Vous me croyez donc coupable, monsieur, d’un tour des plus traîtres ? et je vous parais assez méprisable pour me traiter comme un voleur qui est hors d’atteinte : on ne lui parle raison que parce que la force n’est pas de mise.

Voilà l’exemplaire dont il s’agit. Je n’ai jamais eu le dessein de le garder. Je vous l’aurais même renvoyé sans votre lettre, qui est la plus singulière du monde. Vous m’y donnez des vues que je n’ai pas. Vous vous imaginez que je m’étais mis à traduire un livre dont M. Henning a annoncé, il y a longtemps, la traduction comme étant déjà sous presse. Sachez, mon ami, qu’en fait des occupations littéraires je n’aime pas à me rencontrer avec qui que ce soit. Au reste, j’ai la folle envie de bien traduire, et pour bien traduire M. de Voltaire je sais qu’il se faudrait donner au diable. C’est ce que je ne veux pas faire. — C’est un bon mot que je viens de dire ; trouvez-le admirable, je vous prie : il n’est pas de moi. — Mais, au fait, vous vous attendez à des excuses, et les voilà. J’ai pris sans votre permission avec moi ce que vous ne m’aviez prêté qu’en cachette. J’ai abusé de votre confiance, j’en tombe d’accord. Mais est-ce ma faute si contre ma curiosité ma bonne foi n’est pas la plus forte ? En partant de Berlin j’avais encore à lire quatre feuilles. Mettez-vous à ma place, avant que de prononcer contre moi. M. de Voltaire, pourquoi n’est-il pas un Limiers ou un autre compilateur, les ouvrages desquels on peut finir partout ? Vous dites dans votre lettre :

  1. Voyez la note 2 de la page 221.
  2. Secrétaire de Darget, peut-être chargé de copier le Siècle de Louis XIV.

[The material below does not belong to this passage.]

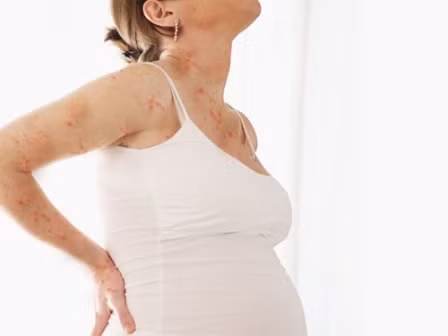 Cũng theo các bác sĩ, người mẹ mắc bệnh thủy đậu khi mang thai dưới 20 tuần sinh con ra sẽ có một tỉ lệ nhỏ (khoảng 2%) bị hội chứng thủy đậu bẩm sinh. Các biểu hiện của hội chứng này có thể là: sẹo da, nhẹ cân, các bệnh về mắt (đục thủy tinh thể, tổn thương võng mạc...), tay chân ngắn...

  3. Richier, secrétaire de Voltaire, avait prêté secrètement à Lessing la première partie du Siècle de Louis XIV. Lessing l’avait emportée en quittant Berlin. Voltaire apprit que son ouvrage courait les champs. Il adressa de violents reproches à son secrétaire, et il lui fit écrire à Lessing une lettre que nous ne possédons pas. La réponse de Lessing, que nous donnons ici, a été imprimée par M. Adolf Stahr, Lessing : sein Leben und seine Werke, Berlin, 1864, et reproduite par M. Desnoiresterres, Voltaire et Frédéric, page 163.